This is my first maple guitar – a small plantilla Bouchet braced spruce top. At the first touch, maple is not that attractive for a guitar maker. It is difficult to plane, bend, and keep clean. Workmanship mistakes are impossible to hide, but at least there are no pores to fill. Other than looks, it does not excel structurally. It is not very dense (helping power and projection) but not very light either (giving a spontaneous, airy and lively sound like cypress). If you want to leave some meat and weight into it, it is too stiff (here the flames actually help) The taptone is dull, suggesting a dry sound lacking overtones. And yet this is the wood of choice for bowed instruments, but those have a lot more energy at disposal and something that filters the power is a good idea. A violin with a cedar top, or rosewood body, would likely sound way too scratchy and metallic.
To my great surprise, the guitar turned out very well and this has become one of my favorite tonewoods. The color is not dry and simple, but just clean and pure. In comparison, rosewood almost sounds too cluttered and dark. There are plenty of overtones but discrete, not in-your-face. Trebles are clear and pure, and also can sound sweet (like cypress), something I can hardly hear in rosewoods. The sound is overall open and loud, more open and direct than on a similarly new rosewood.
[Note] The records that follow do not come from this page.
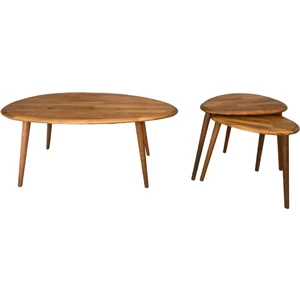 Faw Decor Asimetrik Masif Ahşap Orta Sehpa ve 3'lü Zigon / 2'li Zigon Sehpa Seti, Modern Masif Ahşap Sehpa Seti Meşe / Ceviz / Antrasit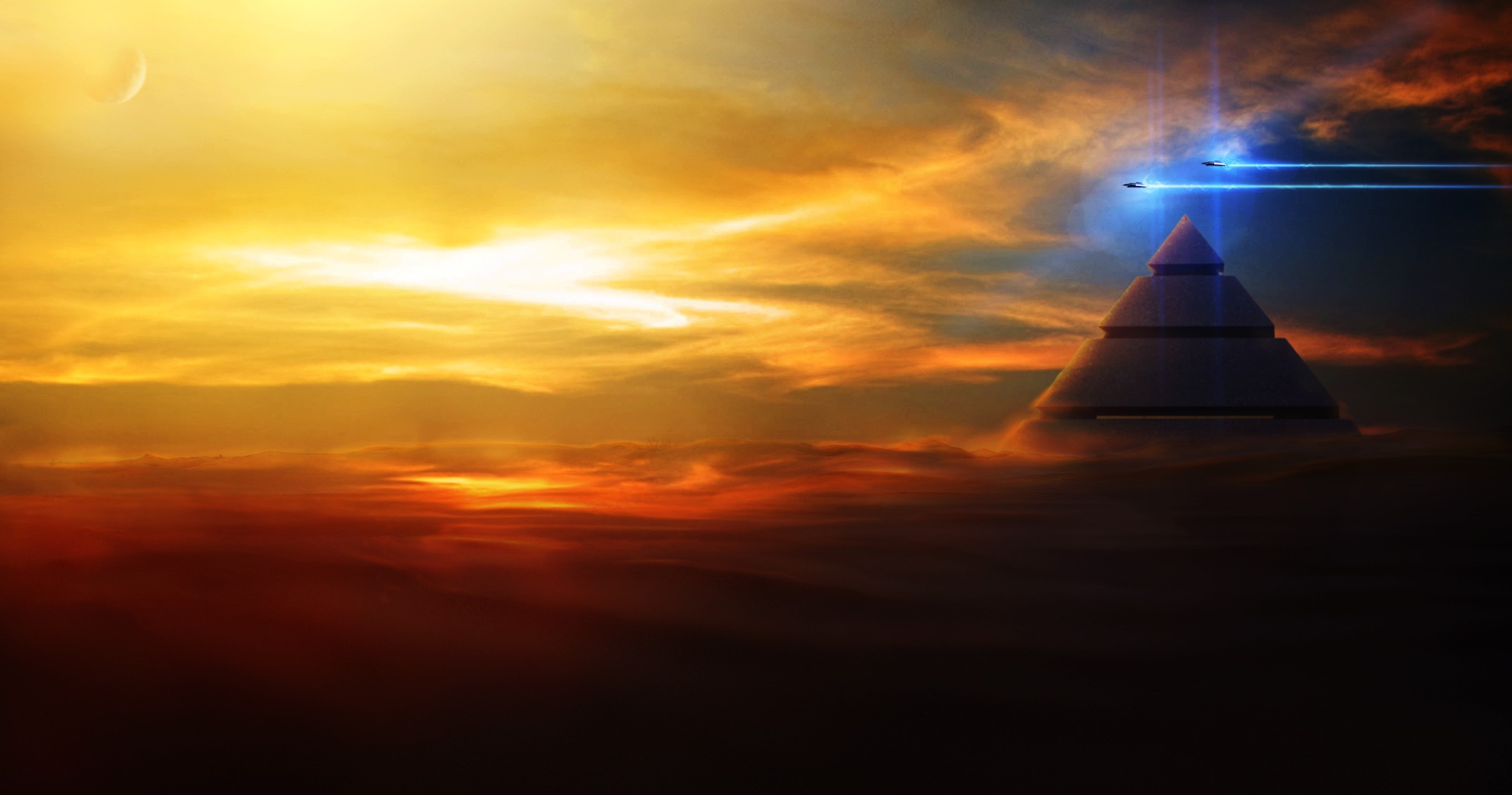 Alien Pyramid In The Sandstorm HD Wallpaper Background Image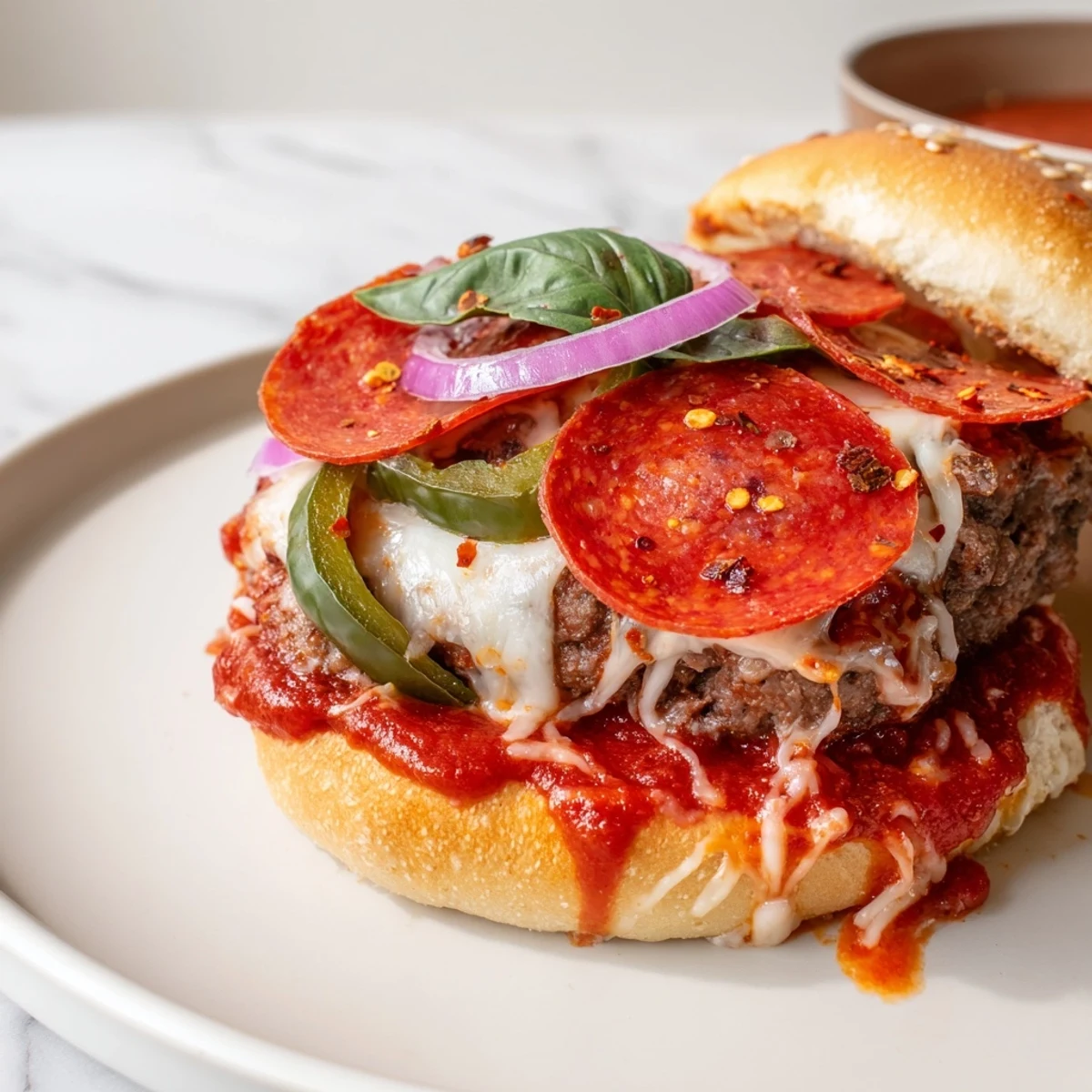 Savory pizza burgers dripping with rich pizza sauce and fresh basil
The clean and direct tone makes bad playing more evident than on rosewood.
Raw sample without varnish, nylon strings
Specs:
-Austrian spruce soundboard, Bouchet bracing, 650mm scale
-Bosnian flamed maple back, sides and secondary headplate
-Madagascar rosewood headplate, neck spine and bridge
-Spanish cedar neck with ebony fingerboard
-Indian rosewood binding with bloodwood and maple back and sides purfling.